*Material for the task*.
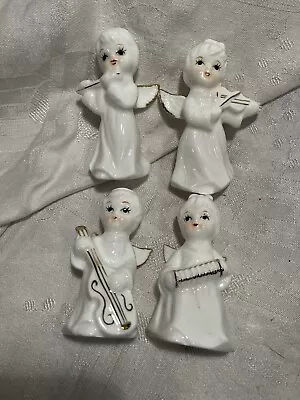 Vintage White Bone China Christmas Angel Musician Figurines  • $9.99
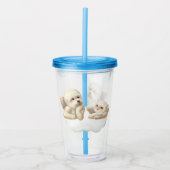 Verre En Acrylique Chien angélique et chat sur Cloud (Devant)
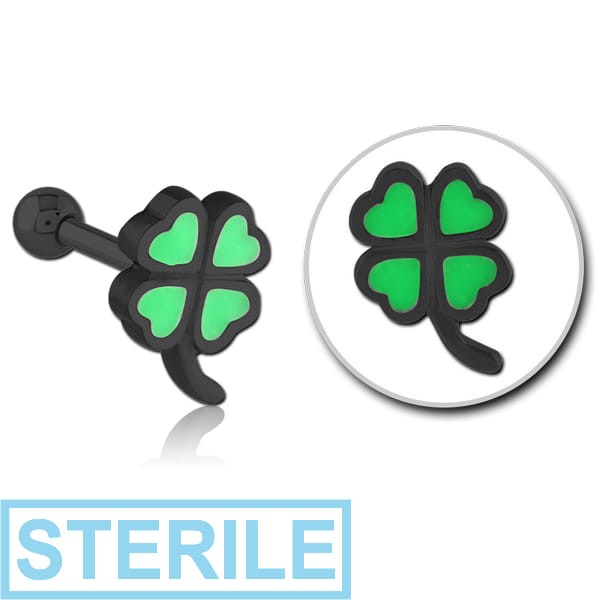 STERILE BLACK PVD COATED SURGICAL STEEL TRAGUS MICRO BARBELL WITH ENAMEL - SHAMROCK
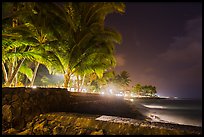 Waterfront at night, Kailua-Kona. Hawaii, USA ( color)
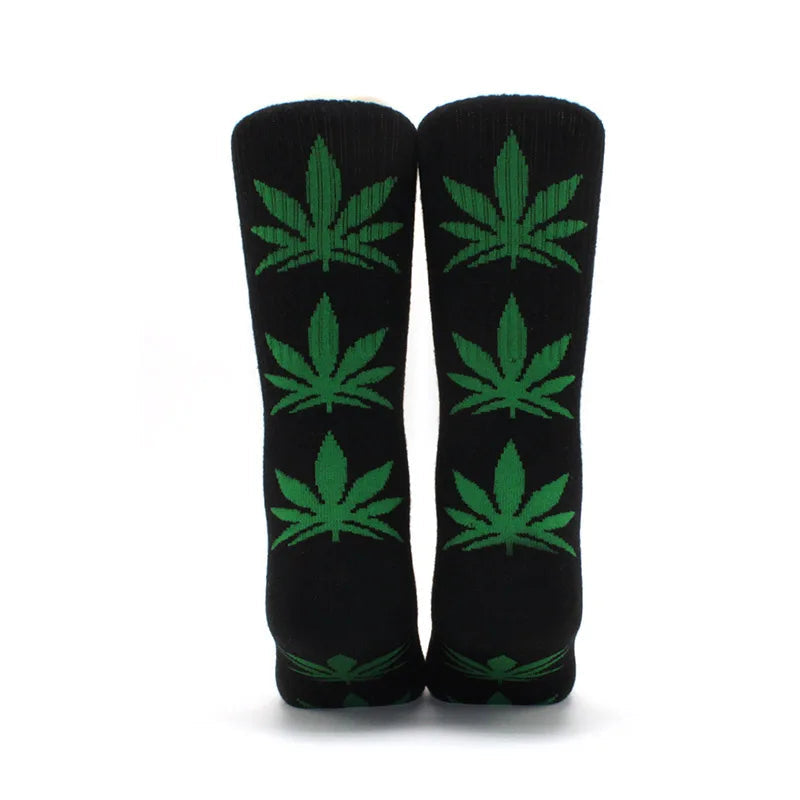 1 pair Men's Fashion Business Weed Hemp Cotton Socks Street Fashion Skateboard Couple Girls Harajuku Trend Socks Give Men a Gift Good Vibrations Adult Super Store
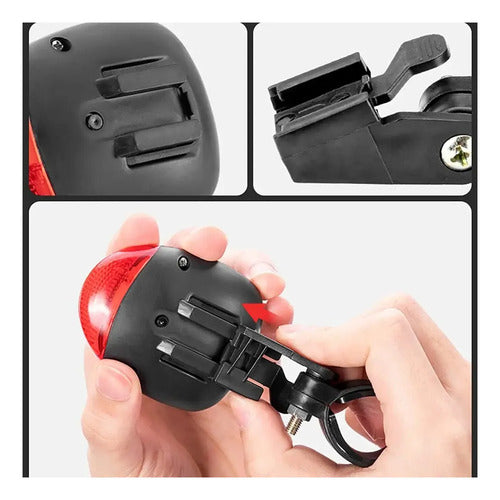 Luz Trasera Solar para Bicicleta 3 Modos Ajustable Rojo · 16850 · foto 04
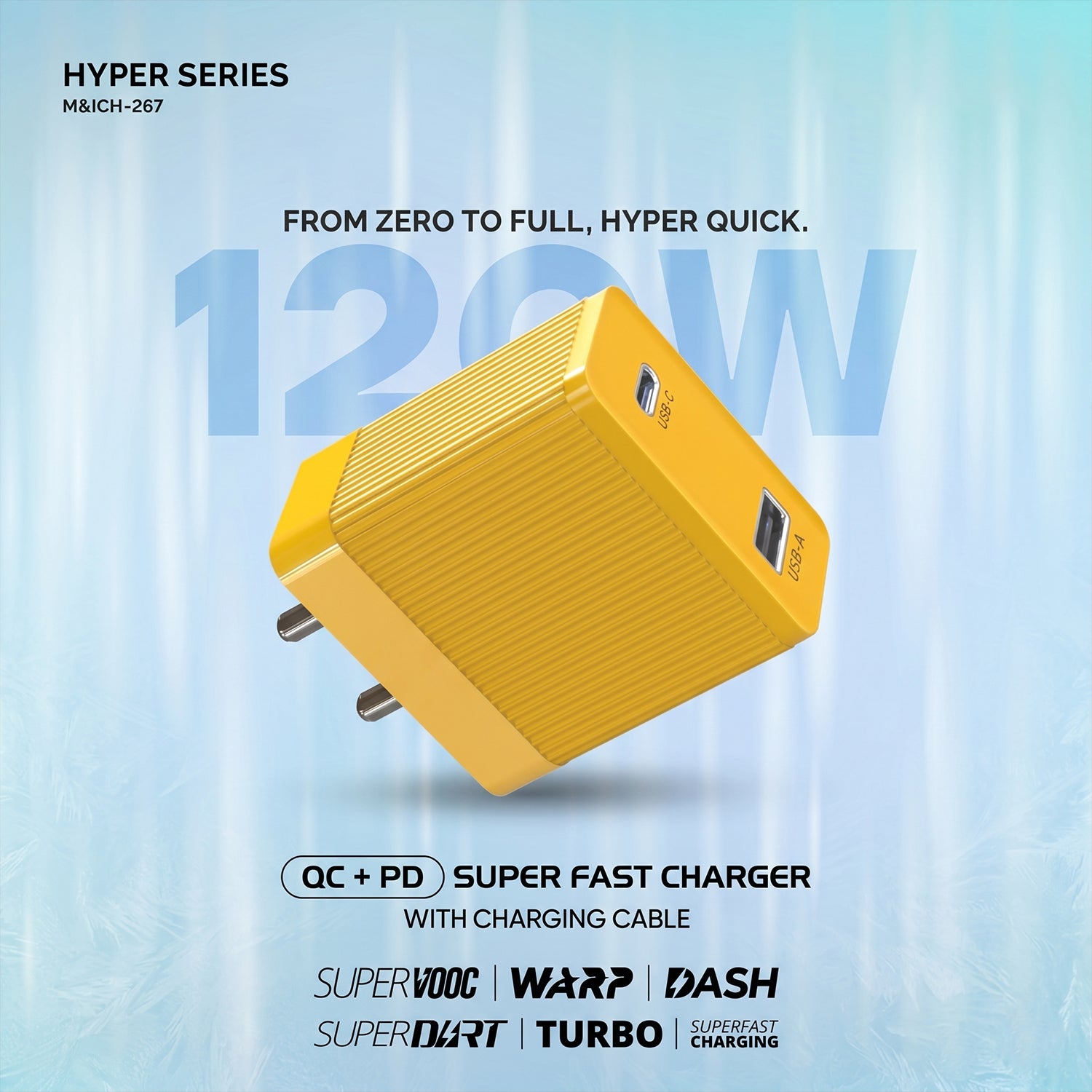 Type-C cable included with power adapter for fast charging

*What to produce*. Omit the pictures. Write out exactly the lines from the one containing "1 pair Men's" through the last line of the entries, both of them included.

*Task solution*.
 1 pair Men's Fashion Business Weed Hemp Cotton Socks Street Fashion Skateboard Couple Girls Harajuku Trend Socks Give Men a Gift Good Vibrations Adult Super Store
 Luz Trasera Solar para Bicicleta 3 Modos Ajustable Rojo · 16850 · foto 04
 Type-C cable included with power adapter for fast charging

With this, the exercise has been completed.